What is required: Leave the pictures out and repeat the rest of the data below exactly.

════

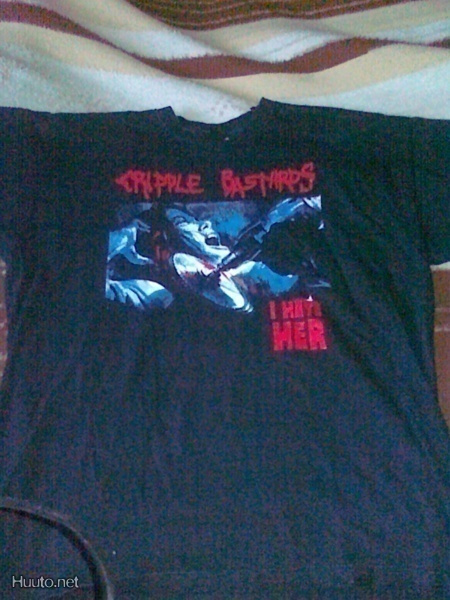 CRIPPLE BASTARDS *** T-PAITA *** MUSTA *** M *** FOTL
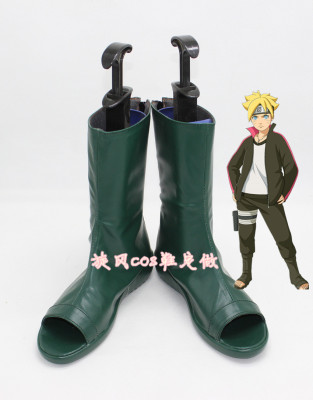 taobao agent C1522 Naruto blogger Cosplay shoes COS shoes to customize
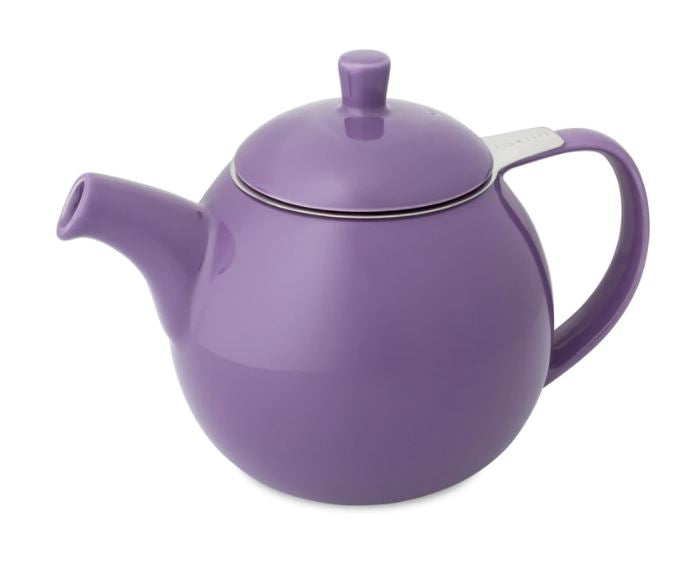 45oz Purple Curve Teapot w/Infuser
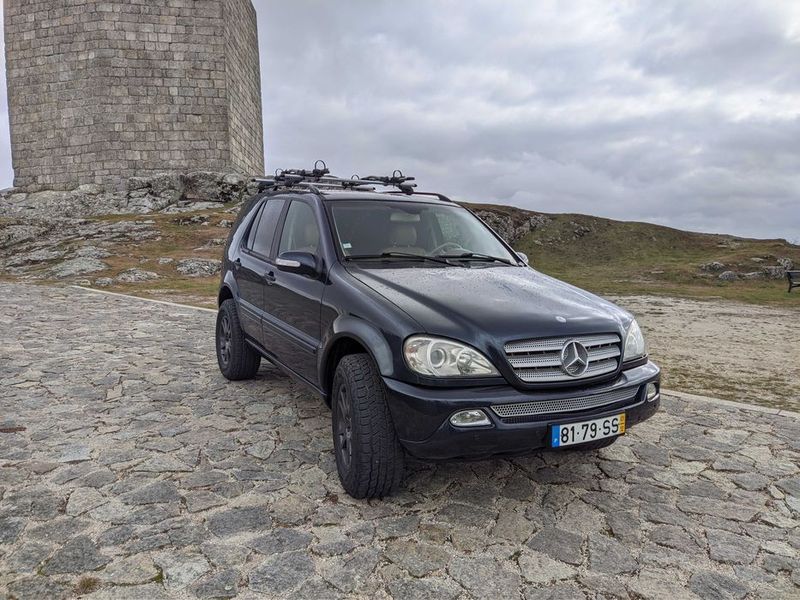 Mercedes-Benz ML 400 • 2001 • 245,000 km 1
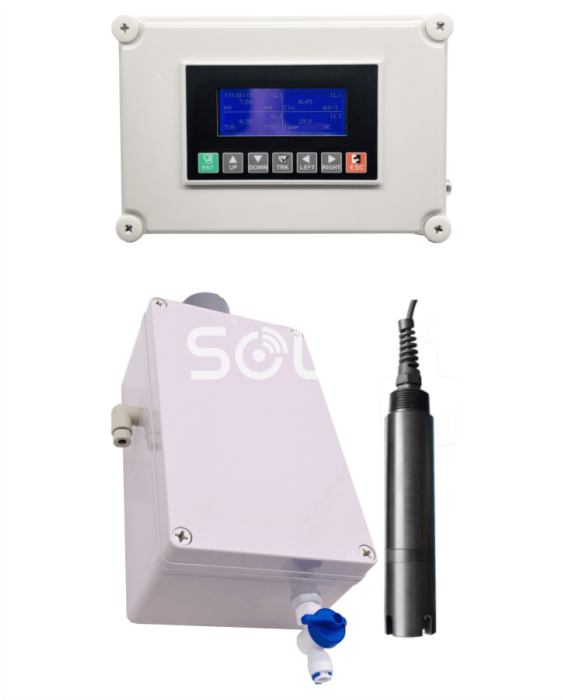 Bộ Thiết bị phân tích Oxy hòa tan Online (Model TMC-102 + TDO101)
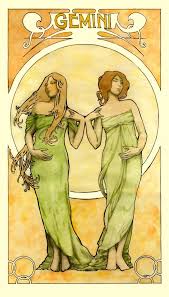 Gemini By Guitarsallly On Deviantart Gemini Art Aquarius Constellation Tattoo Zodiac Art
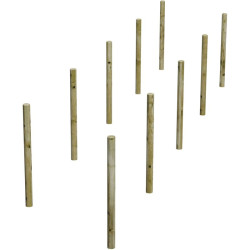 Slalom pour parcours sportif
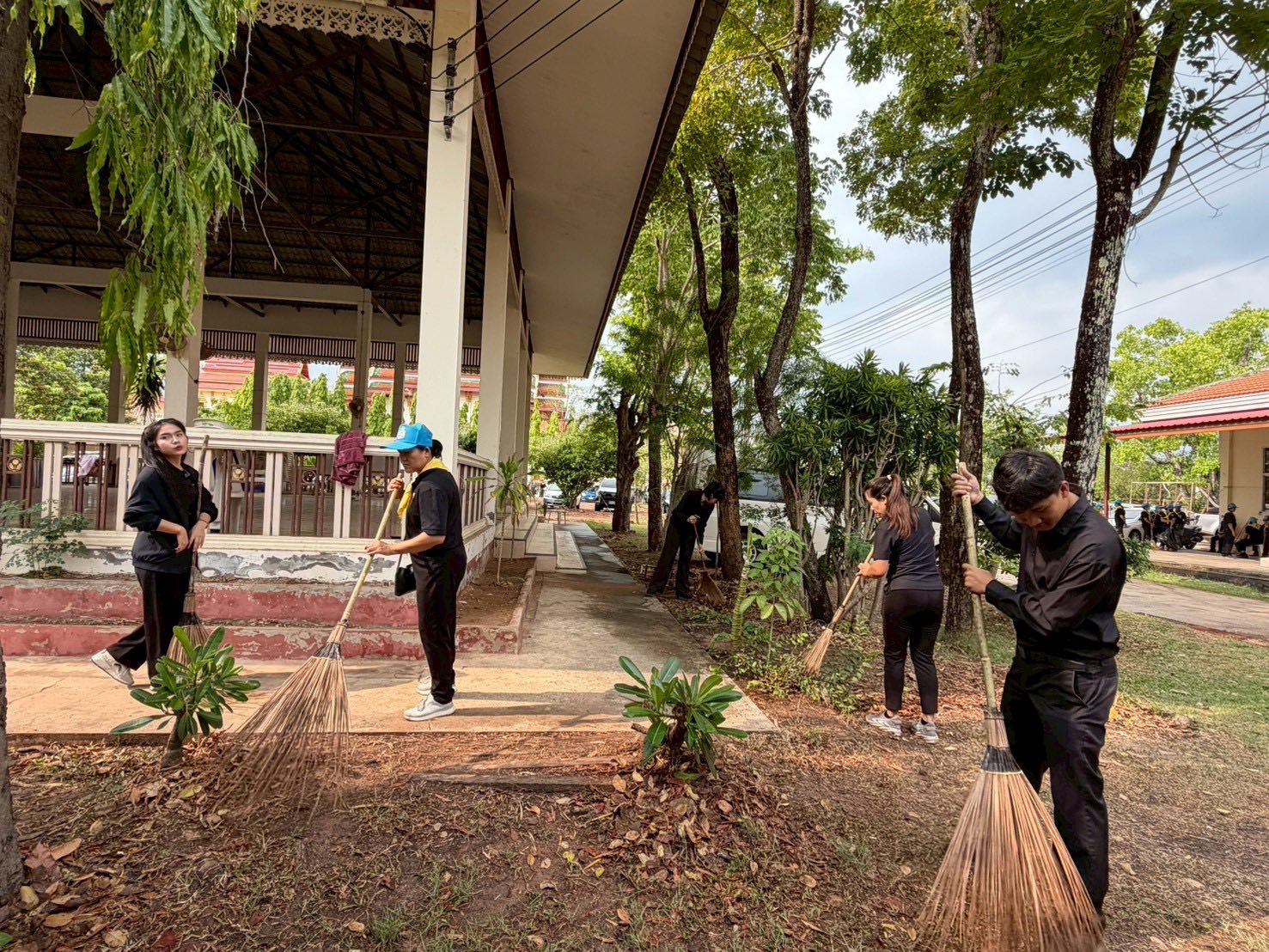 title - ส.ป.ก.กาฬสินธุ์ ปฏิบัติภารกิจเนื่องในวันคล้ายวันสวรรคตสมเด็จพระนเรศวรมหาราช ปี 2569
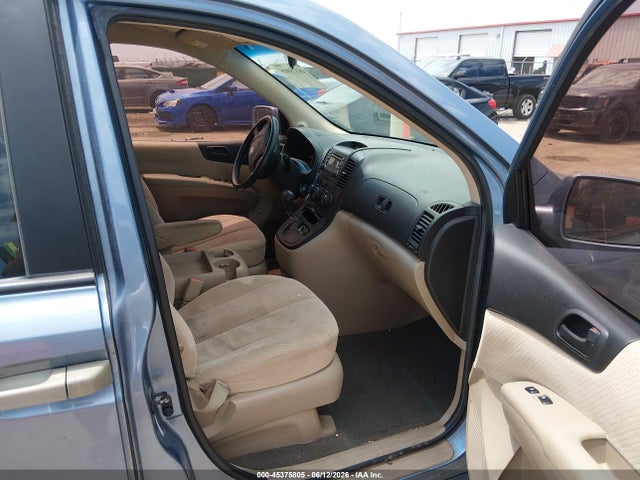 2008 Hyundai Entourage Gls/limited მანქანა იყიდება აუქციონზე, vin: KNDMC233086052618, აუქციონის ნომერი: 45375805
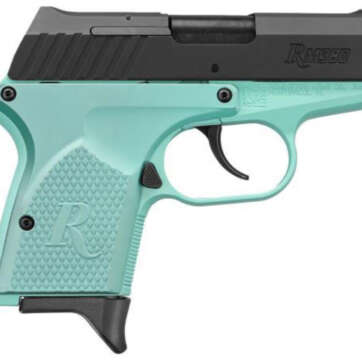 Remington RM380 MICRO 2.9" Barrel Teal BLUE Finish 6rd Mag - Handsguns | American Guns & Ammo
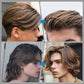 🎄Offre spéciale Noël à durée limitée🌟 Peigne volumateur professionnel à dents larges Soulève les racines pour un volume sans effort Crée des boucles d'apparence naturelle Design d'inspiration coréenne Votre allié pour le soin de vos cheveux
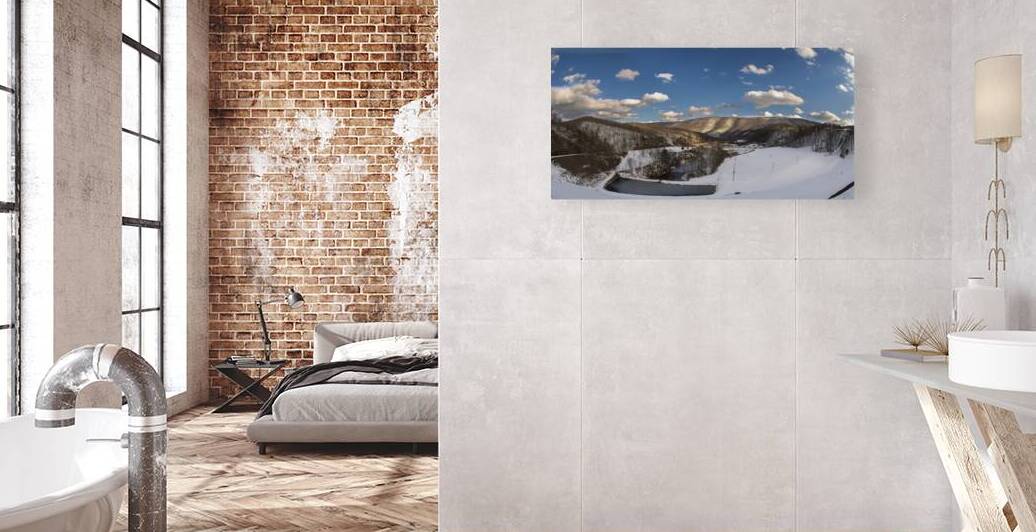 Winter At Raystown Dam by Touch Of Frank Photography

════

Answer space:
 CRIPPLE BASTARDS *** T-PAITA *** MUSTA *** M *** FOTL
 taobao agent C1522 Naruto blogger Cosplay shoes COS shoes to customize
 45oz Purple Curve Teapot w/Infuser
 Mercedes-Benz ML 400 • 2001 • 245,000 km 1
 Bộ Thiết bị phân tích Oxy hòa tan Online (Model TMC-102 + TDO101)
 Gemini By Guitarsallly On Deviantart Gemini Art Aquarius Constellation Tattoo Zodiac Art
 Slalom pour parcours sportif
 title - ส.ป.ก.กาฬสินธุ์ ปฏิบัติภารกิจเนื่องในวันคล้ายวันสวรรคตสมเด็จพระนเรศวรมหาราช ปี 2569
 2008 Hyundai Entourage Gls/limited მანქანა იყიდება აუქციონზე, vin: KNDMC233086052618, აუქციონის ნომერი: 45375805
 Remington RM380 MICRO 2.9" Barrel Teal BLUE Finish 6rd Mag - Handsguns | American Guns & Ammo
 🎄Offre spéciale Noël à durée limitée🌟 Peigne volumateur professionnel à dents larges Soulève les racines pour un volume sans effort Crée des boucles d'apparence naturelle Design d'inspiration coréenne Votre allié pour le soin de vos cheveux
 Winter At Raystown Dam by Touch Of Frank Photography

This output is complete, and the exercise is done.